Tokyo is one of those towns that has room for everything—even literature, even in english. A good many writers from Britain, Canada, the U.S. and other english-speaking countries live and work in the city and they form, as expats often do, a close-knit school. Faces in the Crowds, a new anthology from Printed Matter Press, gives us a glimpse of the school and its main exponents: the poets who read at What the Dickens British pub, the Tokyo Writers’ Group, the English teachers at the Temple University, and miscellaneous other writers who live in Tokyo or its environs. Editor Hillel Wright says he chose the title Faces in the Crowds because “whenever I think of Tokyo, I think of crowds.” There are certainly some memorable faces in this crowd, but the real triumph of the book is the sum of its parts, its multi-faceted portrait of the Tokyo writers themselves: young, irreverent, and sardonic, living on the shifting borders where East meets West.
Some highlights ... In “Franks Floating World”, Richard Russell describes Bangkok, with its crowds, girls, and power outages. Whistling Shade contributor Jesse Glass has several poems, one of them a beautiful piece about a 1942 photo that caught a suicide falling in mid air from a building in Buffalo. Kevin Dobbs’ poem “To Sacrifice a Bavarian Roadster” thumbs its nose at Western civilization, while Japanese society is ridiculed in David Cozy’s story “Statues of Liberty”. Barbara Summerhawk’s tale “The Calendar” is perhaps the most Japanese in style, using the image of a horse racing calendar and caged bird to represent the two divergent life-styles of the main characters.
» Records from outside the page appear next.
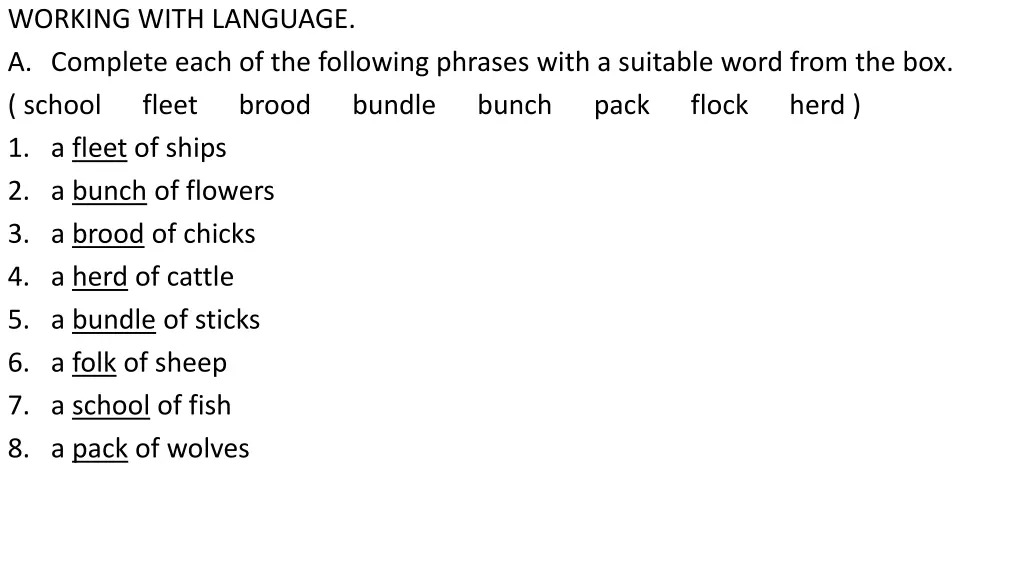 working with language a complete each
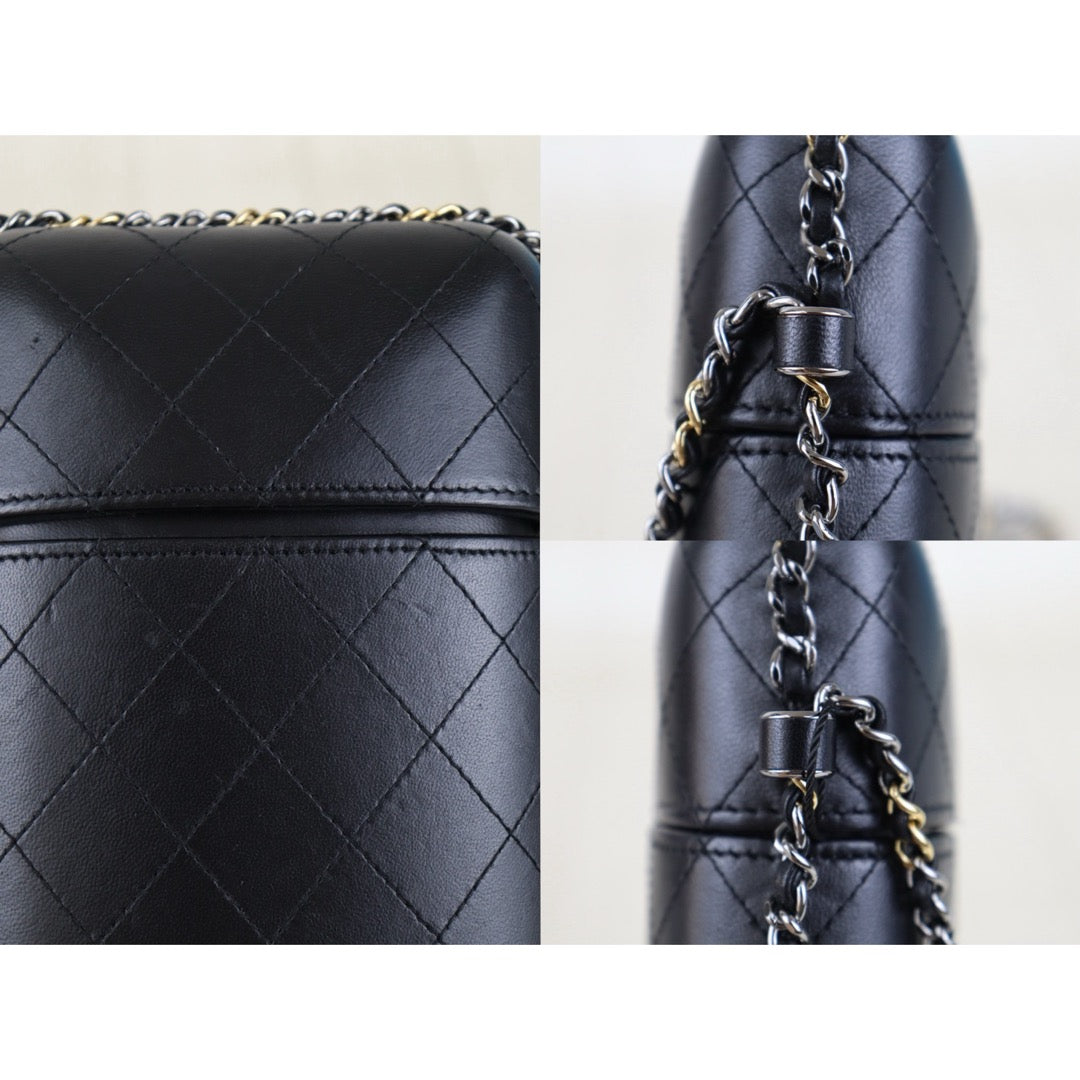 Include Entrupy Certificate of Authenticity｜Very Good（Rank A）｜CHANEL Calfskin Mixed Metal Hardeare Chain Phone Holder Shoulder Bag Black Made in 2016-2017Year｜S26090741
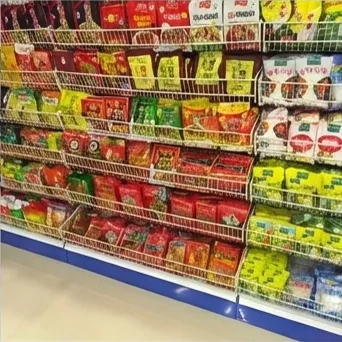 Fully stocked wire back gondola aisle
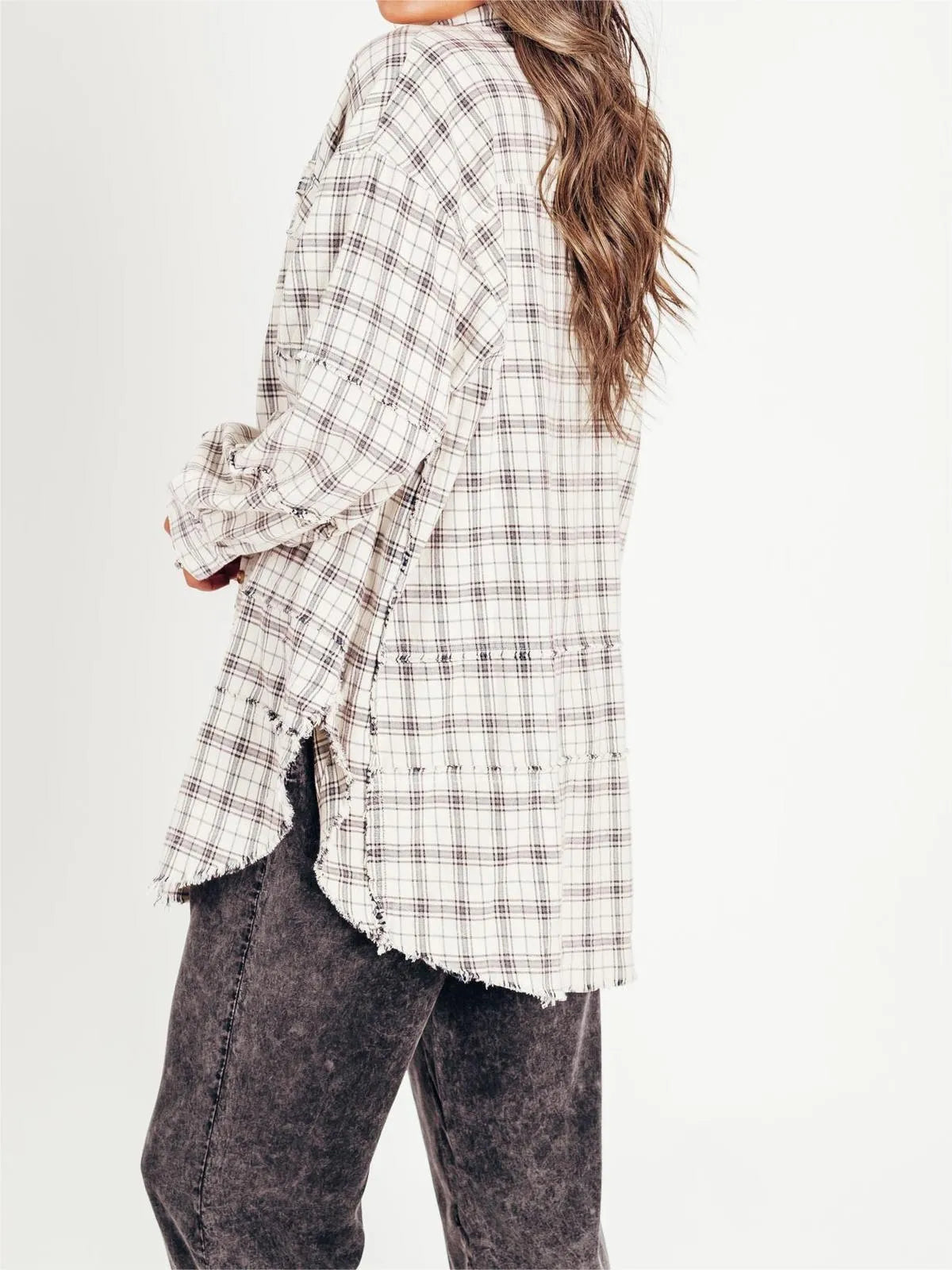 Tiktok Hot Sale Women's Seams Raw Edge Washed Oversized Shirt Jacket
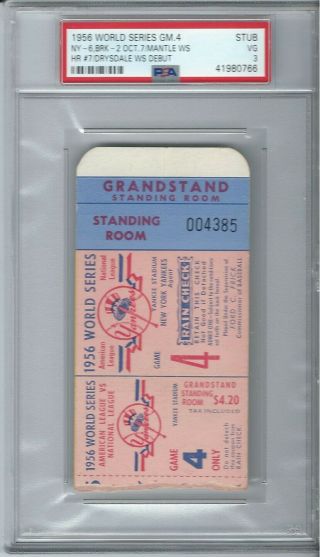 1956 World Series Game 4 Ticket Stub Psa 3 Mickey Mantle Ws Home Run 7 Yankees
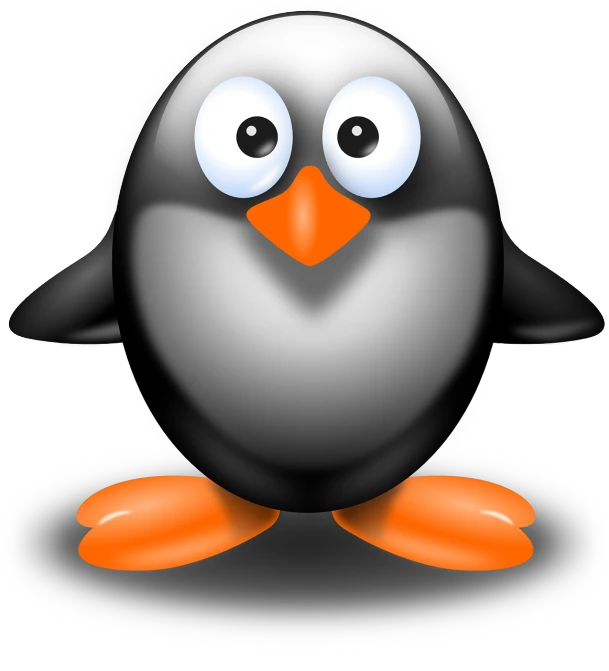 a black and white penguin with orange feet, an illustration of, computer art, shiny silver, cross-eyed, screensaver, round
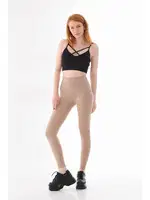 Bej Geniş Fitilli Şardonlu Bayan Tayt Vogsing 345 Bej detay görünüm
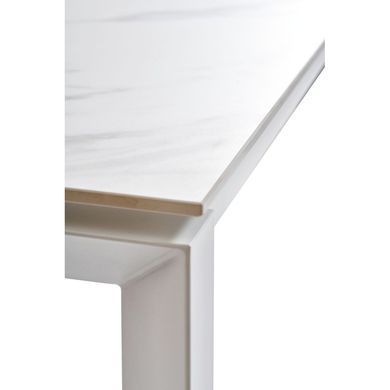 Стіл Обідній BRIGHT WHITE MARBLE Concepto 102/142x70 Кераміка Білий Мармур фотографія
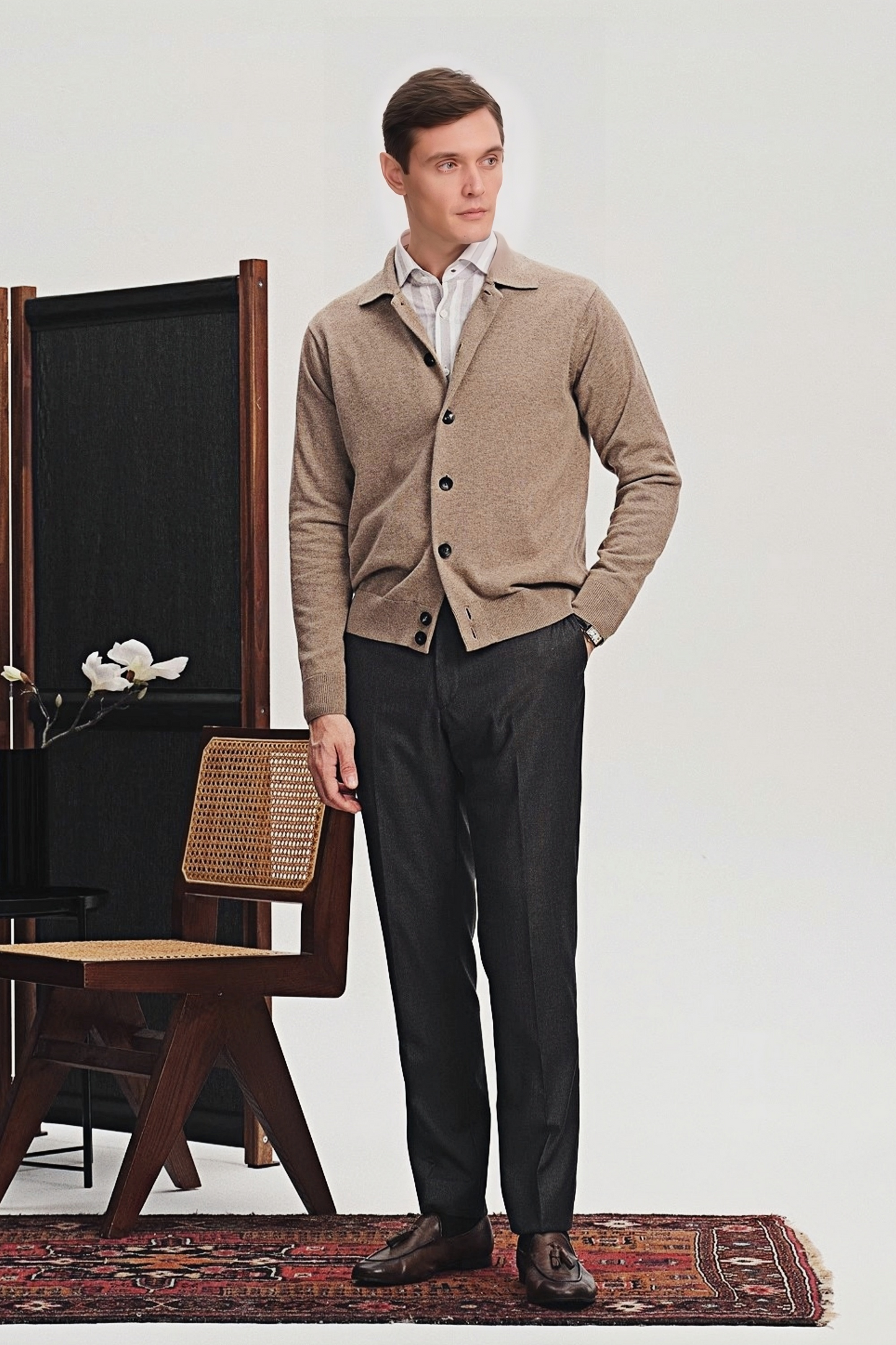 Dorian brown knitted cardigan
Some of the best pieces in the anthology are actually non-fiction, such as Tony Skevington’s “Letter from Japan”, about Japanese funeral practices, and Hirohisa Tajima’s “Untitled Personal Essay”. In the essay Tajima describes how his father had been training as a kamikaze pilot near the end of World War II; he lived only because the Hiroshima bomb stopped the war. “Owing to this, I was given my life. Thinking about the war, I often have a mixed, complex and somewhat paradoxical feeling.” Somewhat paradoxical—now that’s what I call understatement!
Faces in the Crowds boasts very few, if any, well known writers, and for some this will doubtless be the highlight of their writing career. Yet the anthology as a whole is more satisfying than a Norton or Oxford collection. It’s not just a survey of bright stars taken from various places and times, but a natural constellation of writers. Or, to change metaphors, Faces in the Crowds is like a wild, friendly block party—it ain’t a black tie bash at the governor’s mansion, but it’s a hell of a lot more fun.